Suppose that on the political scale you find yourself to the left of Joe-mentum and the DLC. Maybe you’re a Democrat and proud of it, but troubled with the party’s recent tendencies. Perhaps you’re still a Democrat, but wondering why. No longer a Democrat? Never were a Democrat? Step outside and call me a Democrat? No matter. Brothers and sisters, I propose a truce among us. I’m not so naïve as to think we can all just get along. But perhaps we can mutually realize that we each have a part to play.
Waking up to another four years was a cruel experience; but of such is character made. Avoiding the trap of shadow projection, of finding someone to scapegoat, we’re examining ourselves, our ideas, and our methods, and this is a positive, if painful, experience from which we’ll undoubtedly grow. At the same time, we need to remember that responsibility coincides with capability: things we can’t change are not our fault.
Isn’t this the sort of thinking that led to “Think globally, act locally”?
William Greider points out, most notably in The Soul of Capitalism, that successful ideas propagate through a capitalist society like wildfire. If you can make money with a small clever scheme at the fringe of the economy, the idea will spread quickly, and become mainstream if it works on a large scale. The free flow of information is vital to the production of new wealth. And who’s good at information flow?
The blogosphere is a new and vital player in the game of information capitalism. As I write, for example, the story of “embedded” White House reporter “Jeff Gannon” is the talk of the net and the media, providing the backdrop for some fine portrayals of surprise all around.

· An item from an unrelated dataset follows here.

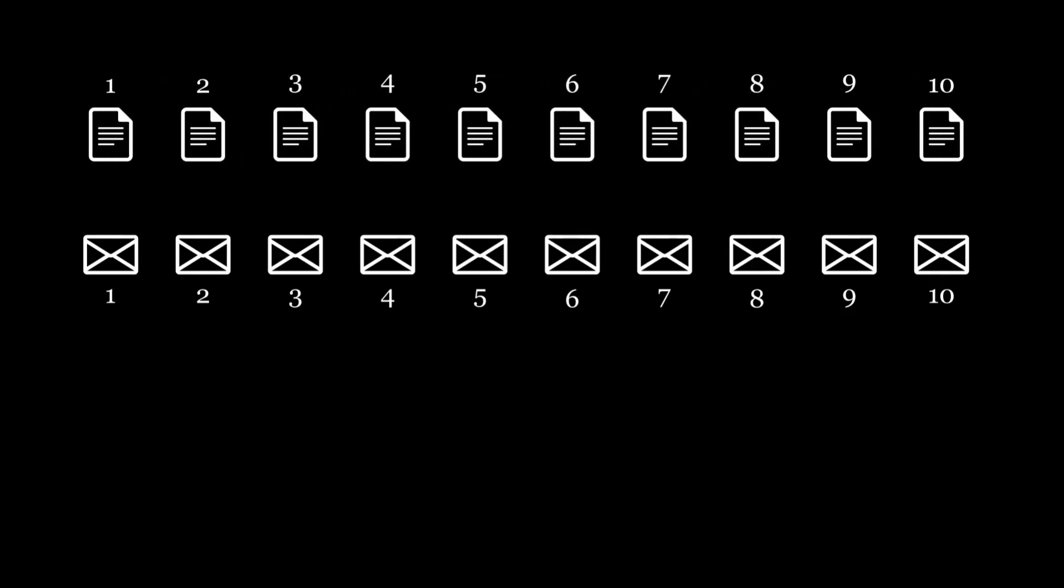We want the absolute difference between the value of each letter and its corresponding envelope to be at most one. For example, in the current pairing, the absolute difference between the value of each letter and its envelope is zero, making this a valid arrangement.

As if agencies of the US government hadn’t been doing this sort of all along! So long that some have forgotten the distinction between enemies: “foreign country” and “different political party” are equally opponents in the game. The White House is once again involved in aiming the machinery of the state at citizens who disagree. Worse Than Watergate, as John Dean says, are the tricks of this campaignistration, with
…everything, and I mean everything, being run by the political arm. It’s the reign of the Mayberry Machiavellis. [They] consistently talked and acted as if the height of political sophistication consisted in reducing every issue to its simplest black-and-white terms for public consumption…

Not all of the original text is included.